Politique sur le dos des morts

Beaucoup d’émotion, hier, lors de l’hommage national rendu à Aurélie Fouquet en présence du président de la République. Même si certains aspects de cette affaire sont encore ténébreux, le temps n’est pas à la polémique, mais au recueillement.

croix-dattelle_dominiqueetcompagnie.1274946149.jpgCela m’a rappelé d’autres morts, dans d’autres circonstances.

C’était le 31 mai 1983, lors d’un banal contrôle d’identité, avenue Trudaine, à Paris. Plusieurs individus dans une voiture ouvrent le feu sur les policiers. Deux meurent sur le coup et le troisième est grièvement blessé. Deux jours plus tard, un motard interpelle un jeune homme pour vérifier son permis de conduire, il est tué d’une balle dans le dos.

Trois morts et un blessé grave en quelques jours.

Lors de la cérémonie dans la cour de la préfecture de police, le ministre de l’Intérieur, Gaston Defferre, et le secrétaire d’État à la Sécurité publique, Joseph Franceschi, sont accueillis par des huées et des sifflets. Certains policiers, à leur passage, leur tournent même ostensiblement le dos. Après le cérémonial, ils se retrouvent dans la rue et marchent en direction de la place Vendôme pour hurler leur désaccord avec la politique pénale menée par Robert Badinter. La Chancellerie est protégée par quelques dizaines de gardiens de la paix, qui mettent képi bas, et par deux escadrons de la gendarmerie.

Les policiers estiment qu’ils sont lâchés par le pouvoir en place et que les nouvelles lois, trop permissives, vont les empêcher de faire leur travail normalement.
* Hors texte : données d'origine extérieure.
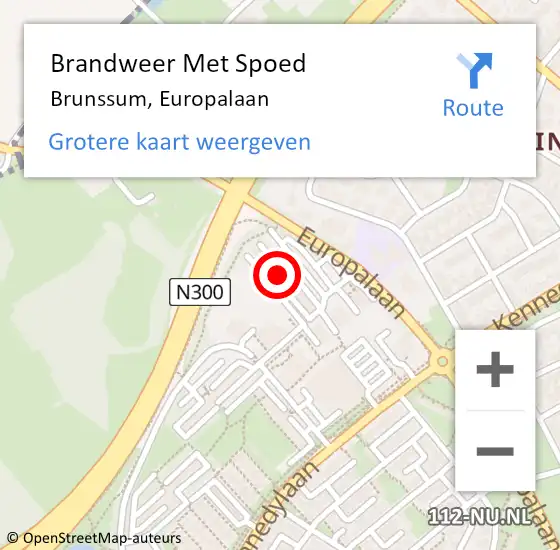 Locatie op kaart van de 112 melding: Brandweer Met Spoed Naar Brunssum, Europalaan op 11 juni 2023 19:28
Et même si  personne n’en parle haut et fort, ils sont beaucoup à penser que la suppression de la peine de mort ne va pas arranger les choses. Pour certains, il s’agit d’un véritable message de faiblesse vis-à-vis des criminels…

À la suite de cette manifestation, les sanctions vont tomber. À tous les niveaux : le préfet de police démissionne, le directeur général est remercié, sept policiers sont suspendus et deux représentants syndicaux révoqués.

Mais la gauche au pouvoir tient compte de l’avertissement. C’est le tocsin de l’angélisme et le dur retour à la réalité.

Et pourtant, même si l’émotion qui a suivi la mort de ces policiers est parfaitement compréhensible, avec le recul, on peut se dire que leur réaction était exagérée, et qu’en fait, ils se sont fait manipuler.

En effet, depuis la mairie de Paris, Jacques Chirac se prépare déjà pour les élections présidentielles. Il a créé auprès de lui une cellule, une sorte de « ministère de l’Intérieur fantôme », comme l’appelle le regretté Philippe Madelin dans son livre La guerre des polices (Albin Michel), cellule dirigée par un commissaire et placée sous la houlette de Robert Pandraud.

Et ce sont eux qui tirent les ficelles.

Je ne sais pas pourquoi, cette cérémonie à la mémoire de cette jeune policière tuée en service m’a rappelé ces événements.

Et j’ai ressenti la même gêne.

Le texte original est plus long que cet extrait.